In the 19th century after the Napoleonic Wars, societies turned initially to gold, silver or bimetallic standards, and subsequently to the international gold standard, in order to effectively reduce the potential for run-away inflation. Throughout history, and with some notable episodes in the 18th century and around 1800 during periods when money was not tied tightly to gold or silver, governments or central banks often printed too much currency, increasing the money supply too fast—reducing the effective value of the currency. By tying paper currency to gold, society linked the ability of a central bank to print money to the amount of gold that it had in its possession or to a multiple thereof. This provided tremendous confidence in the currency as citizens knew that at any point they could redeem their paper currency for gold. Thus the primary advantage that has been attributed to the gold standard is price stability - which provides the conditions for greater economic activity and broader financial stability. During the gold standard prices both rose and fell, but over the long-term they were broadly stable3 .There is also plenty of evidence that cross-border investment flows during the gold standard period were substantial4 .
Confidence that exchange rates would hold facilitated the substantial flows of direct investment which opened up the “emerging markets” of the era such as the Americas (including the US West), Australia, New Zealand, and South Africa. Global outflows of capital from the core European countries to countries of new settlement were massive during this era and far higher than during most of the 20th century. Only towards the end of the 20th century did international capital flows recover to comparable levels; arguably, today they are often less stable than during the gold standard period (witness the “Asian crisis” of 1997-98) and can be in the “wrong” direction from emerging markets to developed ones.

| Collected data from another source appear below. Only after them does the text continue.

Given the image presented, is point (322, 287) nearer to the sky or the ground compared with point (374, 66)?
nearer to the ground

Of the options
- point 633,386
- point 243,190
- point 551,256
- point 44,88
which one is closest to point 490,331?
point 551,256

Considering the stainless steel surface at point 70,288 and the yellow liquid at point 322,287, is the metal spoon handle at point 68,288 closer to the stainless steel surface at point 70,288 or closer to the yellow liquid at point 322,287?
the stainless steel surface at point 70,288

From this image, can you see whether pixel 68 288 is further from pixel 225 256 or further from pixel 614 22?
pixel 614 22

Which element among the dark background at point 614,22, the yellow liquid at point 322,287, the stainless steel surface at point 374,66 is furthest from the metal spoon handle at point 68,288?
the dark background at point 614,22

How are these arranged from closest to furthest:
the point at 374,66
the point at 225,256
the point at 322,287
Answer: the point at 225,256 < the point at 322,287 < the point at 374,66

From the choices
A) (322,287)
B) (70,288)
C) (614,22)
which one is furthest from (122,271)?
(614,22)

Indeed the period of the gold standard was a highly successful one for the world economy. World trade expanded and most countries benefited from relatively rapid growth and low instability. Experts debate to what extent the gold standard enabled this and to what extent it flourished because of these favourable conditions. Most probably causality flowed in both directions but it would be hard to deny that the gold standard at least helped to facilitate matters.
On the other hand, a major disadvantage of the gold standard was that it did not allow policy makers to stimulate the economy through a monetary stimulus —which is the foundation of modern day Keynesian economics. Furthermore, by tying a nation’s currency to gold, the money supply is instead tied to the global stock of monetary gold, growth in which varies, in particular, with the pace of new mine supply. Thus large discoveries of gold can have the effect of creating a monetary stimulus—which might not be appropriate at that particular time. Conversely, lower growth in gold output during a particular period can limit the expansion of the monetary base, restraining economic growth. Following the Californian and Australian gold discoveries of the late 1840s and the 1850s, there was rapid growth in mine production which first levelled off and then fell back in the 1870s and 1880s before surging again with the South African and Klondike discoveries of the 1890s, allied to improved production techniques.
Further, while the overall picture is one of rising prosperity, there were times of hardship in all countries. The gold standard was famously blamed for economic problems in the US – discontent culminating in William Jennings Bryan’s famous “cross of gold” speech in the 1896 presidential election campaign5. Nevertheless it is not just under a gold standard that tensions occur between the desire or need to maintain a fixed exchange rate and the desire to mitigate its adverse impacts on the domestic economy. The history of currency boards and, indeed, the Eurozone crisis of 2010-11 are other examples.
3See, for example:. Money, Inflation and Output under Fiat and Commodity Standards, Arthur J Rolnick and Warren E. Weber, Federal Reserve Bank of Minneapolis Quarterly Review, Vol 22, No 2, Spring 1998; or Gold as a Commitment Mechanism: Past, Present and Future, Michael D. Bordo, World Gold Council Research Study no. 11, December 1995.
4The evidence is summarised and discussed in a paper by Michael D Bordo, The Globalization of International Financial Markets: What Can History Teach Us, 2000
5The speech, which advocated a return to bimetallism and famously ended with the words, “you shall not crucify mankind upon a cross of gold” was given at the Democratic Convention. Bryan secured the Democratic nomination for the presidency but lost to William McKinley.